L'automotive lombardo è a pezzi. A Brescia scoppia il caso Timken

Dopo la Gianetti in arrivo altri 106 licenziamenti. I dipendenti Whirlpool bloccano la stazione a Napoli

L'automotive lombardo è a pezzi. A Brescia scoppia il caso Timken

È un paesino di 10mila anime in provincia di Brescia a dare il via alla stagione delle vertenze lavorative dopo lo sblocco dei licenziamenti dell'epoca Covid. A Villa Carcina si respira a pieni polmoni lo sconforto che regna tra gli operai della Timken, stabilimento specializzato nella produzione di cuscinetti a rulli per il mercato ferroviario e automotive. Qui la comunicazione di chiusura del polo industriale è arrivata come un fulmine a ciel sereno, dopo che «poche settimane fa erano stati assunti nuovi dipendenti», spiegano gli operai. E invece nelle scorse ore è arrivata la scure per 106 lavoratori, tutti provenienti dalla Valtrompia e dalla provincia di Brescia. Aperto nel 1978 dalla Gnutti Carlo spa, l'impianto è stato acquisito nel 1996 dalla multinazionale statunitense presente in 42 Paesi nel mondo. Una storia che rischia di finire in questo 2021. Terminata la cassa integrazione di un anno, infatti, i 106 operai rimarranno senza lavoro.

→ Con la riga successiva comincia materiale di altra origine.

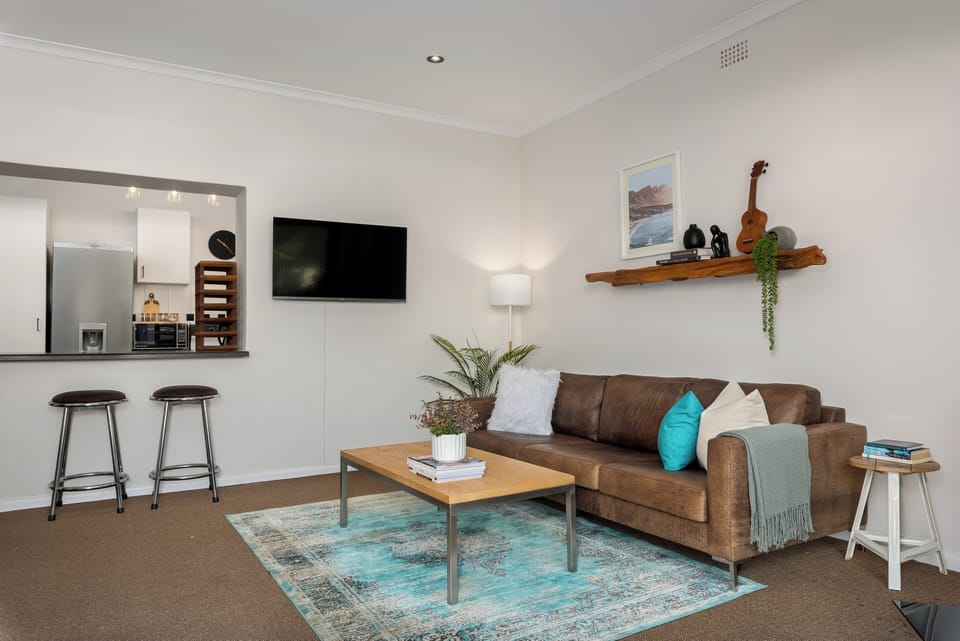 Grand Apartment | Living area | Flat-screen TV, Netflix, streaming services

«Questo cambiamento, per quanto difficile, è necessario per ottimizzare le attività e riorganizzare l'assetto produttivo dell'azienda, con l'obiettivo di servire al meglio i clienti globali», si legge in un passaggio della nota diffusa dall'azienda. Parole che non convincono gli operai e i loro rappresentanti, per i quali «il lavoro non è mai mancato, così come gli ordinativi». Davanti allo stabilimento di Villa Carcina in centinaia sono in presidio permanente: c'è chi lavora lì da 27 anni, chi ha un mutuo e tre figli (l'ultimo di 20 giorni), chi ha sempre confidato nelle parole dei dirigenti quando dicevano «siamo una grande famiglia». A dominare, intanto, sono i dubbi sulla drastica decisione. E mentre è atteso per oggi un incontro tra parti sociali, istituzionali e dirigenza, dai sindacati trapela il contenuto dei primi confronti: «Ci hanno detto che se firmiamo il licenziamento in cambio danno un anno di cassa integrazione per cessata attività, ma abbiamo detto che non ci sono motivi economici per una scelta del genere». Ma è tutta Italia da Nord a Sud - a ribollire dei primi effetti dello sblocco dei licenziamenti: alla stazione centrale di Napoli 150 lavoratori della Whirpool hanno protestato contro i licenziamenti della multinazionale occupando i binari dei treni ad alta velocità e bloccando i convogli in partenza. Soltanto la scorsa settimana gli operai avevano ricevuto la solidarietà del premier Mario Draghi, arrivato a Santa Maria Capua Vetere, ma il deterioramento dei rapporti con la multinazionale ha fatto scattare il blitz, con l'accusa di una «scelta scellerata che non rispetta gli accordi e che non usa la cassa integrazione gratuita manifestando un accanimento ingiustificato». Clima rovente anche a Firenze, dove migliaia di lavoratori hanno protestato contro la chiusura dello stabilimento della Gkn Driveline di Campi Bisenzio e il licenziamento dei 422 dipendenti annunciati dalla proprietà via mail.

Situazione critica anche in Monza e

Brianza, dove dopo l'annuncio della messa in liquidazione della storica azienda Icar (220 operai), che scuote la provincia e la Lombardia da mesi, è scoppiato anche il caso della Gianetti Ruote con i suoi 152 dipendenti.